According to the researchers, including those from the University of Seville in Spain, the material is a very hard black solid, which remains stable at very high temperatures, and is ultra-resistant to radioactivity. 


The team has made a variety of the compound boron carbide—one of the hardest synthetic substances known to man—with potential application as a cheap, ultra-resistant material for the design of planes, cars, and other means of transport.
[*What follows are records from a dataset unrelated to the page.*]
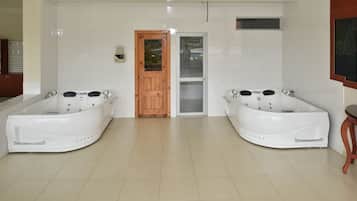 Two tubs flank a central doorway in this modern bathroom, surrounded by a tiled space with a wooden door and window.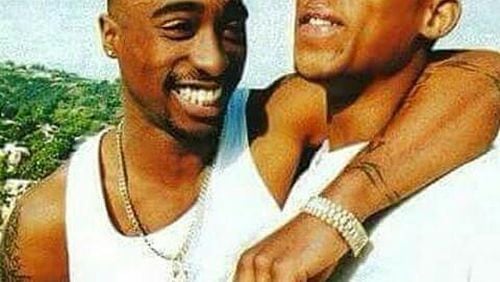 “Rest in Paradise,” The Outlawz wrote in a Sunday Twitter post that featured a photo of Hussein Fatal (left) with Tupac Shakur. (Credit: Twitter)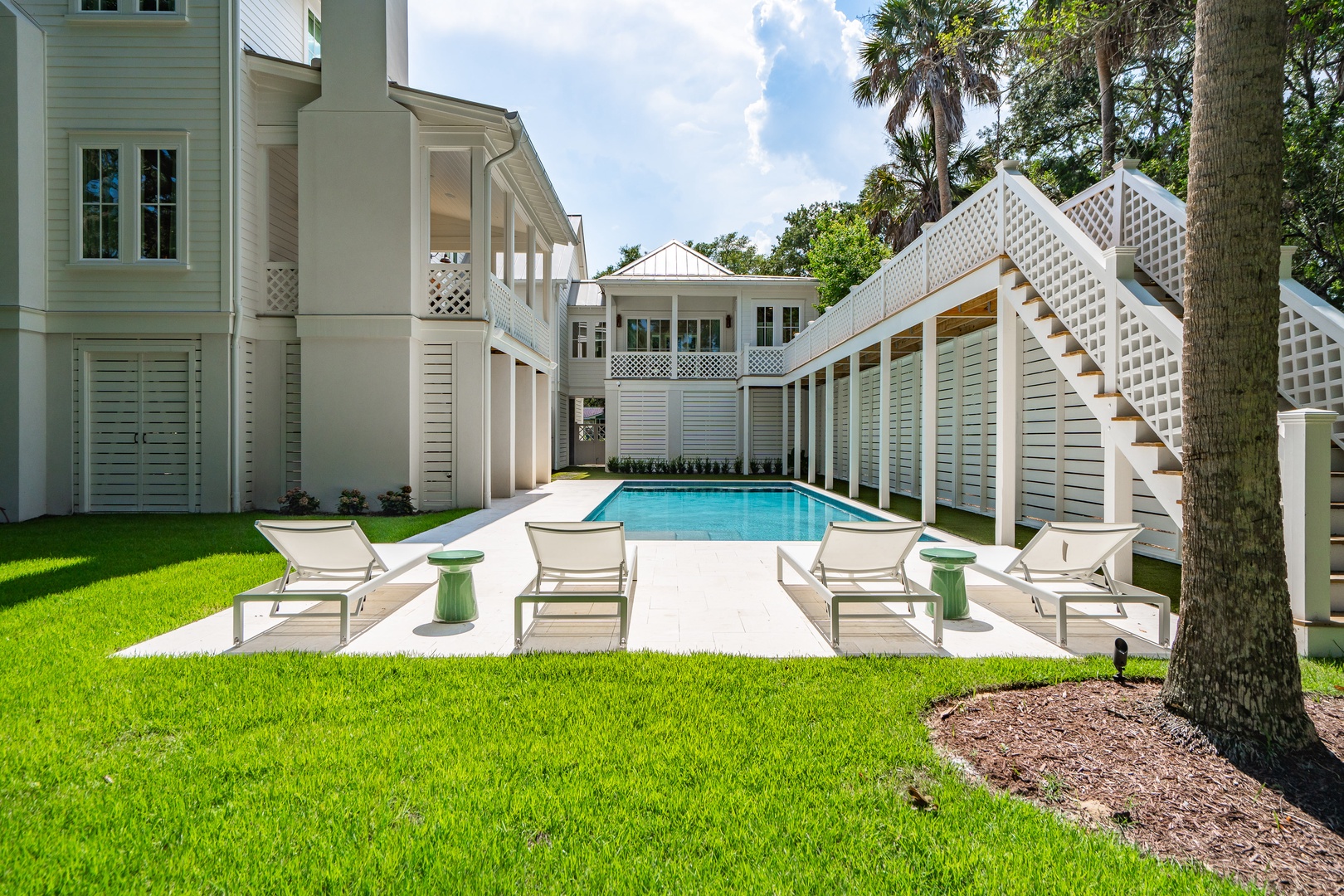 A pristine pool courtyard framed by elegant white architecture, where lush palms and manicured lawn create your private tropical retreat for sun-soaked days.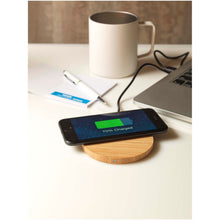 Load image into Gallery viewer, Essence 15W bamboo wireless charging pad — lifestyle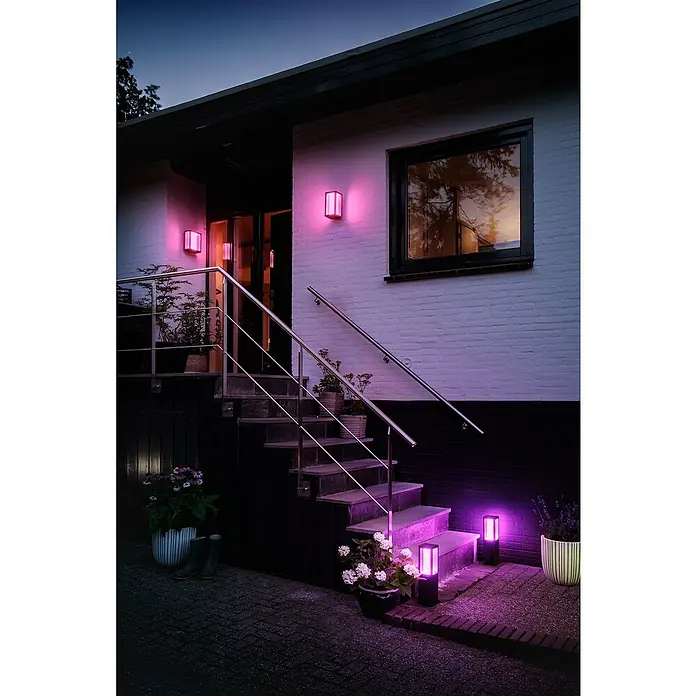 Philips Hue LED-Außenwandleuchte Impress - 8 W, 11,7 x 19 x 24 cm, Schwarz, IP44 - Dieses Bild zeigt Außenleuchten, die ein Haus mit lila Licht beleuchten, wodurch eine einladende und moderne Atmosphäre entsteht.
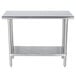 An Advance Tabco stainless steel work table with a shelf.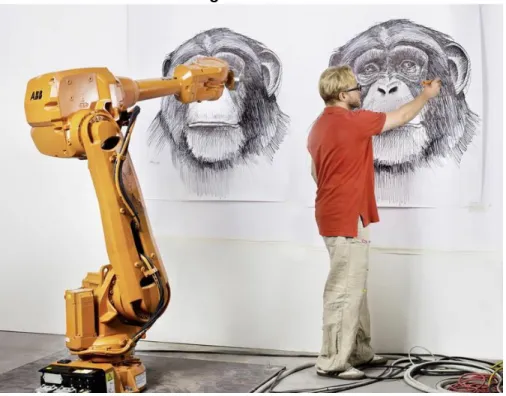 Figure 2. Alex Kiessling creating art while his strokes are sent to remote robots in real time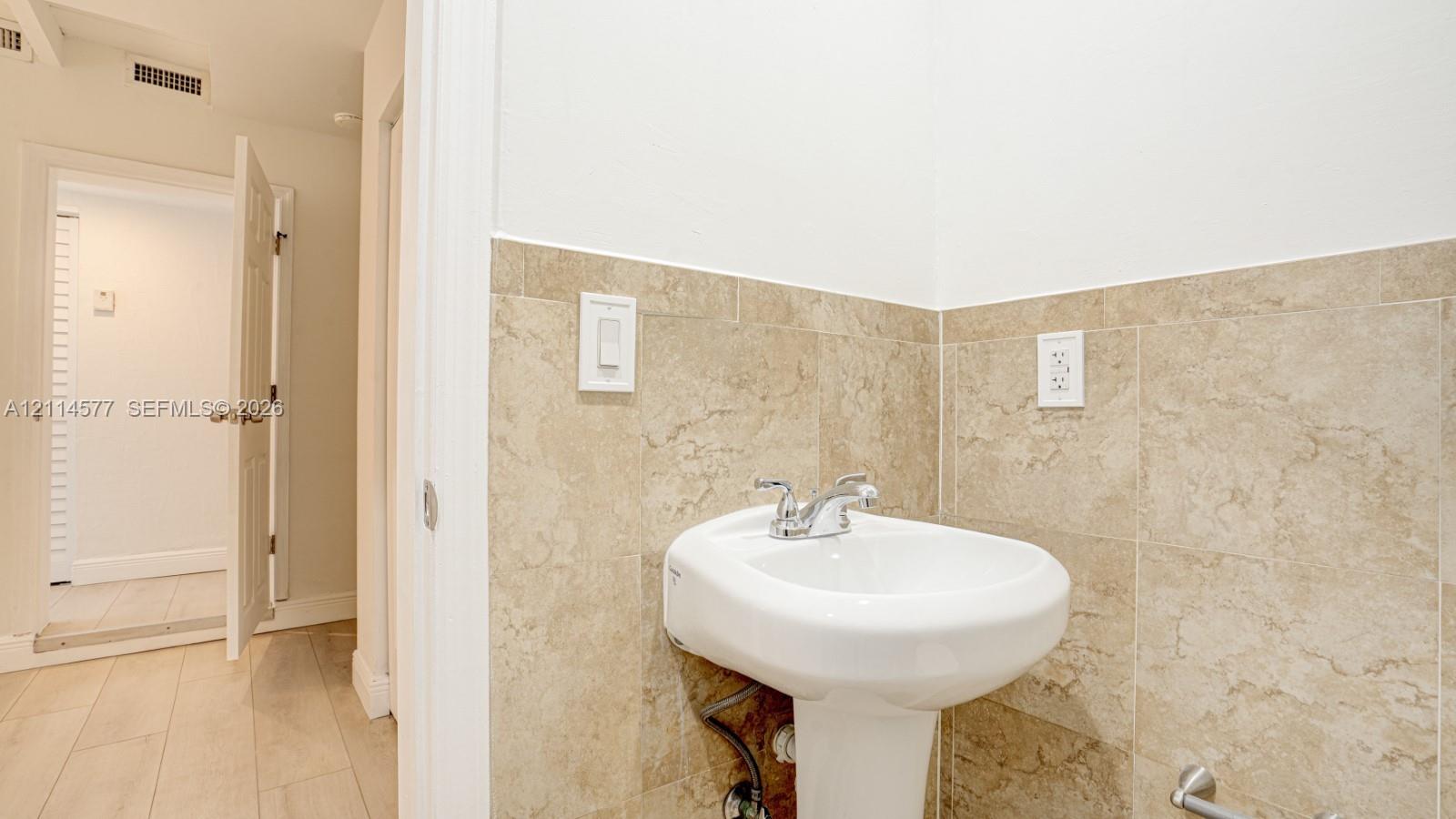 White pedestal sink featuring a dual-handle chrome faucet, complemented by neutral-toned tile wainscoting and light wood-finish flooring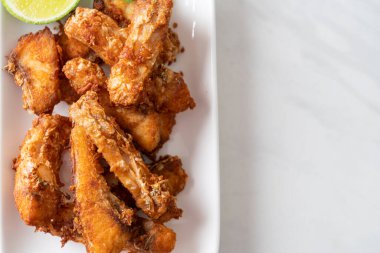 Fried Snapper Belly on white plate - Asian food style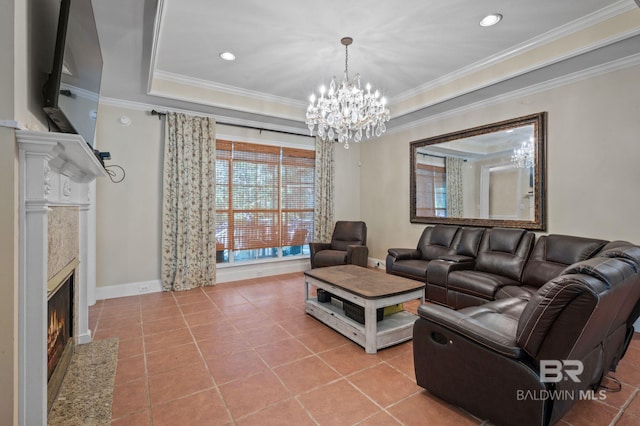 tiled living room with a premium fireplace, ornamental molding, and a chandelier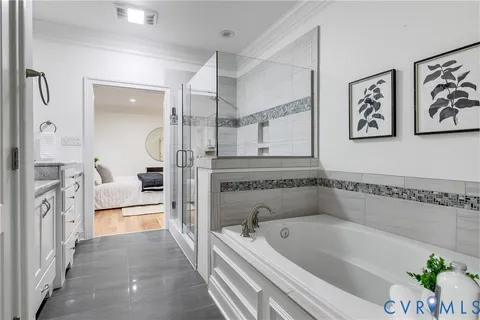 a bathroom with a tub a sink and glass door shower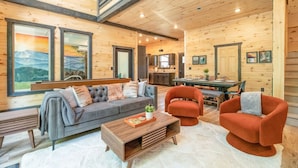 A spacious living area with a sofa, chairs, and a coffee table. There is a kitchen in the background with cabinets and a dining table.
It may be used for making parts of blasting nozzles, abrasive water jet cutting, wire-drawing dies and having nuclear applications such as reactor control rods and neutron absorbing shielding.


The study noted that the boron carbide family consisted of compounds from B4C to B14C, depending on the proportion of B (boron) and C (carbon), and each had different physical properties. 


Boron carbide, used as a powder with various grain sizes or as a ceramic component, is manufactured from the raw materials boron oxide and carbon in an arc furnace at temperatures above 2,400 °C.


Earlier studies had estimated that B6C—with 6 boron atoms to each one of carbon—was theoretically ultra-resistant to radioactivity, but a method to produce it did not exist until now, the researchers said.


In the new study, the researchers used the technique of laser zone floating consisting of fusion by means of the application of intense laser radiation and then rapid solidification.


The researchers found that the boron carbide obtained in this way has a hardness of 52 Gigapascals (GPa), and Young modulus of 600 GPa.


In comparison, the hardness of diamond is around 45 GPa, although it has a Young modulus of 1050 GPa, the researchers said.


'This make phase B6C the hardest material in nature after diamond, and the cubic phase of boron nitride,' the researchers wrote in the study.